Caleb, an interesting point
Caleb, I can't remind you enough how inappropriate is your dependence on an incomplete data set in an ongoing learning process. For instance, the point about the camels: the domestication of camels has other anthropological and sociological implications than the legitimacy of the Bible. Whoopee: scientists found evidence and made the appropriate adjustments. It's what science does.
But what I find more intriguing is the idea that because a verifiable part of the Bible can be verified (e.g. the existence of a city) that apparently the unverifiable parts of the Bible must also be legitimate. I'd say it's horrible science, but it's not even science.
Furthermore, what, then, when the Bible is wrong? From
America B.C., by Dr Barry Fell:
From the Bible we learn that the ships of Tarshish were the largest seagoing vessels known to the Semitic world, and the name was eventually applied to any large ocean-going vessel. On the coasts of Palestine, where the ancient psalmists of Israel could watch the vessels of their Phoenician cousins plying their trade with Lebanon and Egypt, the ships of Tarshish became proverbial as an expression of sea power. On this coast the wind was feared by the sailors in Bronze Age times because it could blow ships out into the Mediterranean, and most of the coastal vessels were unable to withstand the tubulence of open sea. Thus, in their naivete as landlubbers, the Hebrews imagined that the same east wind meant disaster for the shps of the Phoenicians too. (In fact, of course, it would not.) So we find the poet of Psalm 48 expounding the power of Jehovah as such that "Thou breakest the ships of Tarshish with an east wind." Another reference to the ships of Tarshish occurs in the book of Jonah, which describes how the prophet "went down to Joppa where he found a ship going to Tarshish; so he paid the fare thereof and went down into it to go with them unto Tarshish." Here, too, the ship is no sooner dispatched from land thaan it immediately gets into grave difficulties with a tempest. The ships of Tarshish come under threatening notice also in the book of the prophet Isaiah, and by and large it is rather clear that the Tartessian ships were a source of envy or irritation to the Jews. (93-94)

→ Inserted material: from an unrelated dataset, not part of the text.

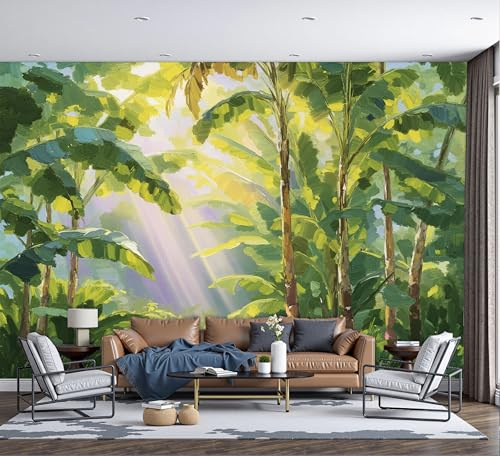 DACRWEKZ Papier Peint Bananier ensoleillé, Motif Papier Peint Soie Panoramique Style de peinture à l'huile de la jungle 250x175cm Wallpaper Pour Salon Chambre Deco Murale Jaune-vert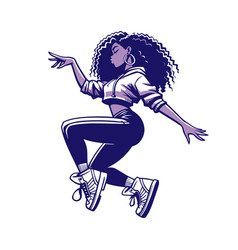 Cartoon Black Girl With Afro Hairstyle Dancing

Dr Fell notes a few pages later, that "
The first Tartessian inscription discovered in America is engraved on a rock on the seashore of Mount Hope Bay, Bristol, Rhode Island." (98)
It would seem that the east wind did not, in fact, break the ships of Tarshish. Their inscriptions exist on the American continent.
I would recommend that you look into Ogham, an alphabet used for several languages; Phoenicia in the years before Christ, on up to the Irish illuminated texts of the sixth and seventh centuries, and on stones in the Americas, and even some remnants of ships and copper plates from which inscriptions are being translated.
Dealing with similar phenomena, we find this a long-running issue for Christianity. Cotton Mather, in letters to the Royal Society of London, proposed that circumcision among a Connecticut tribe suggested that the native tribes were the "lost tribes of Israel" (Fell, 17). Fell also includes a heirarchy devised by Pope Julius II (ca. 1512) to explain the presence of the indigenous tribes of America. It's real simple, and I can quasi-reproduce it for you here:
* Adam and Eve
"sinful Bablylonians" and
"Noah the righteous and his spouse".
* From Noah to Shem, Ham, and Japheth, who become, respectively--
- Shem: Arabs, Hebrews, Syrians, given the semitic lands.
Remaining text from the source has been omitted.